Question: Processing two-colour array data from GEO using limma when no raw data are available
gravatar for Jason
24 months ago by
Jason20 wrote:

Hello all,

I am trying to work with GEO data obtained via getGEO and am running into difficulties. The data retrieval is no problem, but the issue is working with it when it arrives. This is a bit long, but I'm trying to be clear and thorough regarding the stumbling point. What I have thus far,

# install the GEO libraries

# retrieve series record. As simpler case, take a subset of knockdown data
gset <- getGEO("GSE6838")
gsetKD <- gset[[2]]

# only interested in four of these.
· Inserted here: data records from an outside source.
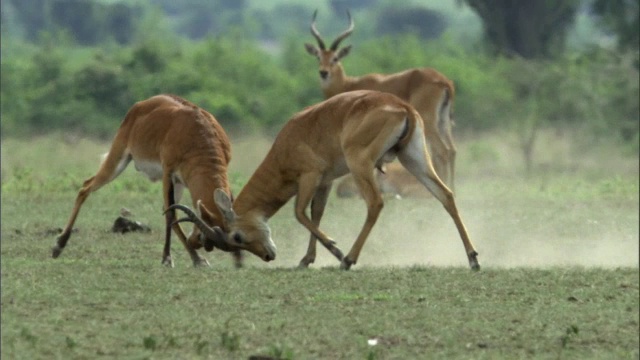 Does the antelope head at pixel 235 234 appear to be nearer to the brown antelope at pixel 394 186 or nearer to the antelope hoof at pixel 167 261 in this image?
the antelope hoof at pixel 167 261

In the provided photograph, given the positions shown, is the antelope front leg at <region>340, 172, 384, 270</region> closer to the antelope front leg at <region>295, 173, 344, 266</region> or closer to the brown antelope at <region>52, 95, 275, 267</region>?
the antelope front leg at <region>295, 173, 344, 266</region>

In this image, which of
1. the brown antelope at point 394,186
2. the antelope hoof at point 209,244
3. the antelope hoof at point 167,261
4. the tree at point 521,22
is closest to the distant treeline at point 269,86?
the tree at point 521,22

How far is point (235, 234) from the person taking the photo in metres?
11.8

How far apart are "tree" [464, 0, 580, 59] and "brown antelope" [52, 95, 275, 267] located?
2688cm

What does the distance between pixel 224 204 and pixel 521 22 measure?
2897 cm

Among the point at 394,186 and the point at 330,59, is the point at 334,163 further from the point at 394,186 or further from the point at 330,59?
the point at 330,59

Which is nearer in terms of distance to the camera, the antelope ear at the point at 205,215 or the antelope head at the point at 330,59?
the antelope ear at the point at 205,215

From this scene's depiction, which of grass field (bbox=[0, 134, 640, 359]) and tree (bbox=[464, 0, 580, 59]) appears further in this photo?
tree (bbox=[464, 0, 580, 59])

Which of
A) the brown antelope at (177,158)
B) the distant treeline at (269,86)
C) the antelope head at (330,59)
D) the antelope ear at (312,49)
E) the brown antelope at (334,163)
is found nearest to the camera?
the brown antelope at (334,163)

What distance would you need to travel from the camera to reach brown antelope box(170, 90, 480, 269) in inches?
461

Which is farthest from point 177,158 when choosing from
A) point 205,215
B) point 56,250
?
point 56,250

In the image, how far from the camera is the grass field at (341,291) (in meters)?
8.79

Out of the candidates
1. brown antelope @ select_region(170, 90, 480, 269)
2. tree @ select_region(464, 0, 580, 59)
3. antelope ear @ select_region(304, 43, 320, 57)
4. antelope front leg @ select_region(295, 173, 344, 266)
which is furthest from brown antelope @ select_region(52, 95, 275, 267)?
tree @ select_region(464, 0, 580, 59)

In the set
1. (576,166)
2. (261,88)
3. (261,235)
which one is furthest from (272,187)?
(261,88) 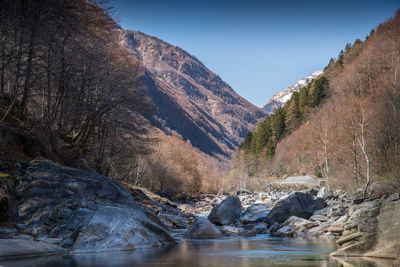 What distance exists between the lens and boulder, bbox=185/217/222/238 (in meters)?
14.2

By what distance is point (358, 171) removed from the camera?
92.7 ft

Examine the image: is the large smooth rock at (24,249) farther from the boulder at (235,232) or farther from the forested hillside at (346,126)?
the forested hillside at (346,126)

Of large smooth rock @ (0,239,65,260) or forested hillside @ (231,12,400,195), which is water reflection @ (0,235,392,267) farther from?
forested hillside @ (231,12,400,195)

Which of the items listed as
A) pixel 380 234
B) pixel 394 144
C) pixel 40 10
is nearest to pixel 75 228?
pixel 380 234

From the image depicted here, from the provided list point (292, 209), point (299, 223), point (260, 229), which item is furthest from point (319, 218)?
point (260, 229)

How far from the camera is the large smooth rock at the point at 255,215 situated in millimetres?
20098

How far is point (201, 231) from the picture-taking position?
14305 millimetres

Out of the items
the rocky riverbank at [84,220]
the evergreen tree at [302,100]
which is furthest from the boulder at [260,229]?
the evergreen tree at [302,100]

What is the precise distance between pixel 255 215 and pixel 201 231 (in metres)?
7.46

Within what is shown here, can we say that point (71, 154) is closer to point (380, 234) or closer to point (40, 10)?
point (40, 10)

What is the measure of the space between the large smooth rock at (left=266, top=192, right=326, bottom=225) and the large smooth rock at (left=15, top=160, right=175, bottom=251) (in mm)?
9637

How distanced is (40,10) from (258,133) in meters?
99.6

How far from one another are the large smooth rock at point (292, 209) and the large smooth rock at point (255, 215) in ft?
2.81

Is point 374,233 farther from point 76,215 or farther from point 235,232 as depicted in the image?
point 235,232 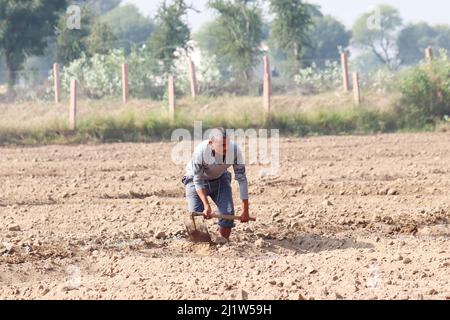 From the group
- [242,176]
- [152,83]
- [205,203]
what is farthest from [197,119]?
[205,203]

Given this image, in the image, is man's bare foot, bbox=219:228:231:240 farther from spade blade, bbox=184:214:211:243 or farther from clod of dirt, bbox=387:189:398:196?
clod of dirt, bbox=387:189:398:196

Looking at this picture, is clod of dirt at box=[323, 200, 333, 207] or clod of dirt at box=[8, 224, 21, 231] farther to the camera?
clod of dirt at box=[323, 200, 333, 207]

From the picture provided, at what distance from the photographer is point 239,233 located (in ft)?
38.8

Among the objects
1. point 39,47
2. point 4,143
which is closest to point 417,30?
point 39,47

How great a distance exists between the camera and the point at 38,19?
39.2 metres

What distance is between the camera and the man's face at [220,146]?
10.7 metres

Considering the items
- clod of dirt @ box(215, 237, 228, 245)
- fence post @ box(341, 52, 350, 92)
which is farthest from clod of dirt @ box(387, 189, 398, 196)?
fence post @ box(341, 52, 350, 92)

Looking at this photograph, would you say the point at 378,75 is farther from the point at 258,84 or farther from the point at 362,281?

Trim to records of interest
target_gsm <- c("GSM155604","GSM155605","GSM155602","GSM155603")
gsetKD <- gsetKD[,which(colnames(gsetKD) %in% target_gsm)]

# check the phenodata to make sure the desired entries returned
# (two different kinds of knockdowns for two different miRNAs)

# object returned is an ExpressionSet, with value log10 of Cy5/Cy3 ratio

From the attached notes, the researchers used Cy3 for all the mock (controls) and Cy5 for treatments. The ExpressionSet object that comes back from getGEO has intensities, which are apparently log10 of the ratio of INTENSITY2/INTENSITY1. Should I stop here and work with these log ratios? There is of course no p-value associated with any of these and since I am not interested in direct comparisons among the treatments, I don't see a model I can establish to compare treatment with the mock control since the object doesn't have channel data. I pull the first GSM record:

# manually pull the first GSM record
gsm <- getGEO("GSM155602")

To see that the value in the expression set from the GSE is the log10 of the ratio of INTENSITY2/INTENSITY1. Those intensities range from ~0.04 - 26. There are no raw data files attached to the record. Regarding the headers and processing,

#ID_REF = Rosetta generated unique probe identifier
#VALUE = same as UNF_VALUE but with flagged values removed
#LOGINTENSITY = Corrected average log intensity of channels
#INTENSITY1 = Cy3 intensity (CH1)
#INTENSITY2 = Cy5 intensity (CH2)
#PVALUE = P-value of LogRatio
#QUALITY = 1 - if good and non control, 0 - otherwise
#UNF_VALUE = Corrected Log10 Ratio of channels (CH2/CH1)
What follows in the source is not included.